Quarterly meetings lined up over Shrewsbury relief road
Quarterly meetings will be held with the government to ensure funding for a major relief road is not delayed or axed.
Shropshire Council says it will meet with the Department for Transport four times a year to ensure it does not suffer any changes to the terms of its £54.4 million government grant for Shrewsbury’s North West Relief Road.
And it has also revealed that the planning application for the road will be submitted next January, with a decision to be taken by the planning committee in spring 2020.
A public inquiry will be held in spring/summer of 2021 and the contract will be handed out to a construction firm in winter 2021, with work starting in spring 2022 ahead of a spring 2024 opening.
The authority’s Place Overview Committee will meet to discuss how the project will be overseen on Thursday.
It will discuss the potential loss of government backing due to national funding shortages.
It will also highlight how it will hold market talks over construction costs shortly in a bid to avoid spiralling costs – which would have to be met by the authority.
Matt Johnson, strategic projects executive manager, said: “The primary aim of the Shrewsbury North West Relief Road is to improve Shrewsbury as a place in which to live, work and invest, by reducing congestion.
“A risk is that DfT Funding could be withdrawn at any time due to national funding issues.
“To combat this we have ongoing liaison with DfT nationally on a quarterly basis on project monitoring and forecasting, also ongoing local liaison with DfT stakeholder representative.
“This will allow the programme to be managed with maximum foresight of any changes to DfT funding allocations.”
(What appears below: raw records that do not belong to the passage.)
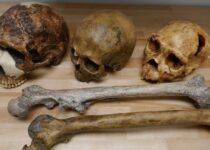 Climate change altered the size of human bodies altered the size of human bodies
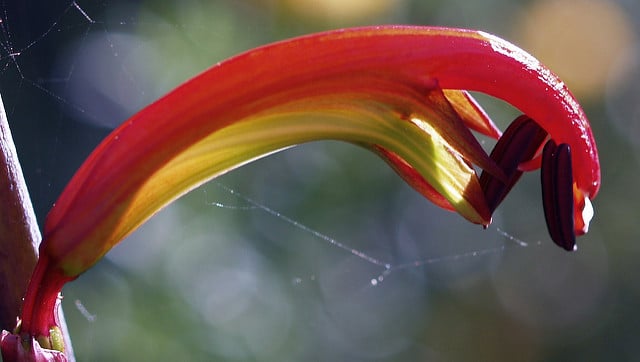 Chasmanthe floribunda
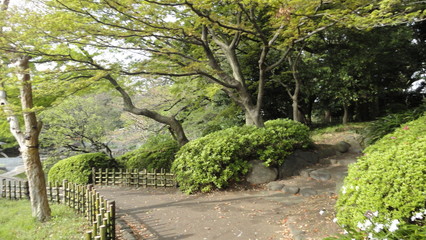 Imperial Gardens Tokyo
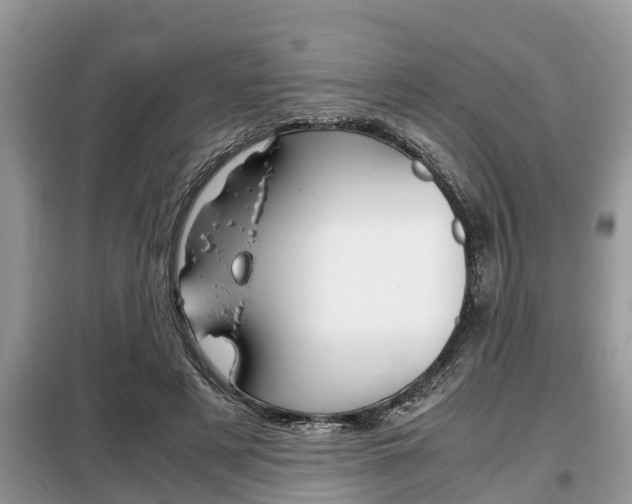 X0000099290497200805020737
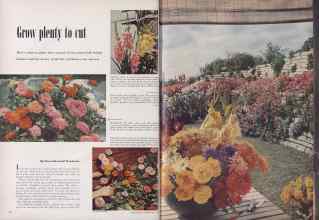 Better Homes & Gardens May 1952 Magazine Article: Grow plenty to cut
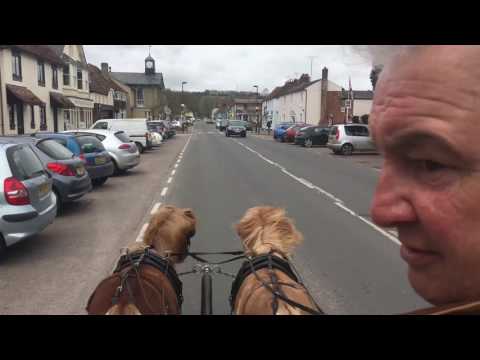 Video: Amerikaanse Shetland-perdras Allergene, Gesondheid En Lewensduur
He added: “The lack of a direct road link between the northern and western parts of the town has been a major source of traffic problems for a very long time.
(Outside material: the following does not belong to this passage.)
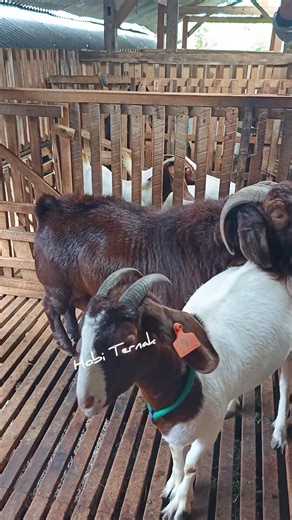 The initial stage of the goat breeding development process | Hobi Ternak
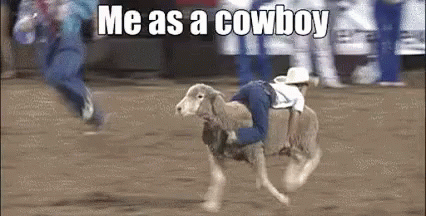 a picture with words that say me as a cowboy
“Both the northern and western approaches to the town centre are heavily congested at peak times, and the presence of through traffic in the town centre leads to long queues and delays, blocking back through key junctions.
“None of these routes is suitable for this traffic, but there are no practical alternatives for most trips.
“Shrewsbury continues to grow. New development is already under way at the southern Sustainable Urban Extension (SUE), and further growth is planned at the western SUE.
“Nationally, traffic levels are starting to rise again after the years of recession.
“The highway network is again under strain. One consequence of this is that incidents on one part of the network quickly lead to traffic backing up, or diverting, causing problems over a wider area.
“This lack of resilience is a concern. As traffic demand increases, we expect to see more traffic on the north-west corridor through the town, increased congestion, queuing and delay, adverse impacts on noise and air quality and increased transport costs to the regional and local economy.”